Riverside Resources: The No Dilution Junior

At 12 cents, Riverside Resources (RRI.V) remains a significant value for jittery junior mining stock investors. The stock has limited downside, but significant upside by way of exploration, joint venture or spin-out opportunities. 

Tuesday, October 17, 2023

Nearly one year ago, we wrote that Riverside Resources (RRI.V) was the stock to buy in depressed markets. We noted that the company had cash, no debt, no burn rate and a shareholder friendly CEO.

Nothing has changed and at 12 cents Riverside Resources remains a compelling value with limited downside risk. For jittery junior mining stock investors, the stock presents a tremendous value.

Conservative and Shareholder Aligned CEO + Low E/V

CEO John Mark Staude stands out among the junior sector as a very well-known, knowledgeable and conservative CEO. 

While other companies dilute their share structures as if they were planning to list on the Australian Stock Exchange, Riverside Resources is a no dilution enterprise. The company is 16 years old and has only 78.5 million shares fully diluted. It has never rolled back.

The enterprise value is ridiculously low at just under CAD$3 million.  The company has CAD$7 million in cash, no debt and no warrants outstanding.

A Robust and Diversified Portfolio for Peanuts

With an enterprise value of less than CAD$3 million, an investor acquires Riverside's full portfolio for peanuts.

Riverside Resources owns 12 royalties (one of which is near production). 

It has numerous highly prospective projects such as three notable gold assets in the Western Abitibi, copper and polymetallic projects, and a rare earth project in British Columbia. 

Screenshot From Riverside Resources Website - Projects

Riverside has a tradition of building joint ventures with major mining companies.  Today, it is joint venturing with BHP.

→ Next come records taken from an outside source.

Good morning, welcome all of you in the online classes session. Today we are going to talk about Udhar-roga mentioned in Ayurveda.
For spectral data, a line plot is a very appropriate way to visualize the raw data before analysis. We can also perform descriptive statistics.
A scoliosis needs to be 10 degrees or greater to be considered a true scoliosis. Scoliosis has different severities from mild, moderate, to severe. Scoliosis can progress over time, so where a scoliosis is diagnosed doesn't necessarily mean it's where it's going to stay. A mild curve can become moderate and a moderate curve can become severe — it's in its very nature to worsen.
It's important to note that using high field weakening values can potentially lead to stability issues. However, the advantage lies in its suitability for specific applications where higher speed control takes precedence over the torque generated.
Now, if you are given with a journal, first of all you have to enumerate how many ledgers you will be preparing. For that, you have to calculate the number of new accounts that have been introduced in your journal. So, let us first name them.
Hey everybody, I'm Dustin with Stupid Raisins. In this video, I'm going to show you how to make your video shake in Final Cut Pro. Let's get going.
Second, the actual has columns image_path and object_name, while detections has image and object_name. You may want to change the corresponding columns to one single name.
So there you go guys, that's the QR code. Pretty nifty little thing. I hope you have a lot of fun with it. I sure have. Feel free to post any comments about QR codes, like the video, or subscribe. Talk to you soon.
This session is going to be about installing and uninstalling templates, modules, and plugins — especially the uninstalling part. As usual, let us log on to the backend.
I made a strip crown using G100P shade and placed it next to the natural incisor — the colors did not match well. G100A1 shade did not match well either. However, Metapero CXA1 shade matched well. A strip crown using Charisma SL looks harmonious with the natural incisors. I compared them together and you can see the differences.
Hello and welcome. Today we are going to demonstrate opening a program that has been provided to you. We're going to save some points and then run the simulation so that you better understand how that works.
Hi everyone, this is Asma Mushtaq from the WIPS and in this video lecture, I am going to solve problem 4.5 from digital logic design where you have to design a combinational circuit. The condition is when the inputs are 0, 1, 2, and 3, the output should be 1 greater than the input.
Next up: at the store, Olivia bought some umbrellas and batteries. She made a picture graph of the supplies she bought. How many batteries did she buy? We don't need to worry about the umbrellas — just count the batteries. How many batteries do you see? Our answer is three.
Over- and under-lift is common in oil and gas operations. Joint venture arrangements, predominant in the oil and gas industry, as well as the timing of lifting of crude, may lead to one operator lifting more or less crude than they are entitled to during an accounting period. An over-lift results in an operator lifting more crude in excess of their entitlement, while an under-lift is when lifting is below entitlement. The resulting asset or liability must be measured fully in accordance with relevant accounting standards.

The stock adds octane to investors' portfolios by spinning out projects to shareholders.  For example, Capitan Silver Corp. (CAPT.V) was spun out as a share dividend and promptly revalued +240% before correcting.

As one might expect, a well managed company such as Riverside Resources will attract a high quality and stable shareholder base, such as Adrian Day (7%) and Sprott Global (3%).

Bottom Line: Big Upside, Very Little Downside

Riverside Resources is a well balanced prospect generator with numerous gold, copper and critical metals properties in Canada and Mexico.

A potential spin out of their Ontario gold assets could add a short-term rerating catalyst next year. 

Disclaimer: SGL does not provide investment advice and is not a registered investment advisor.  Always do your own due diligence before making an investment. Investing in securities, especially junior miners, can be risky and never invest money you cannot afford to lose. SGL cannot guarantee the accuracy of the information in this post. SGL has attempted to present the information fairly, but we own shares of RRI.V so bias cannot be excluded. SGL and its contributors have no relationship with Riverside Resources. SGL or its contributors may buy or sell shares at any time.  

SGL makes no representations, and specifically disclaims all warranties, express, implied, or statutory, regarding the accuracy, timeliness, or completeness of any material on this website. You should seek the advice of a securities professional regarding any stock transactions. SGL cannot guarantee in any way that it is providing all of the information that may be available. Please do your own due diligence before buying or selling any security.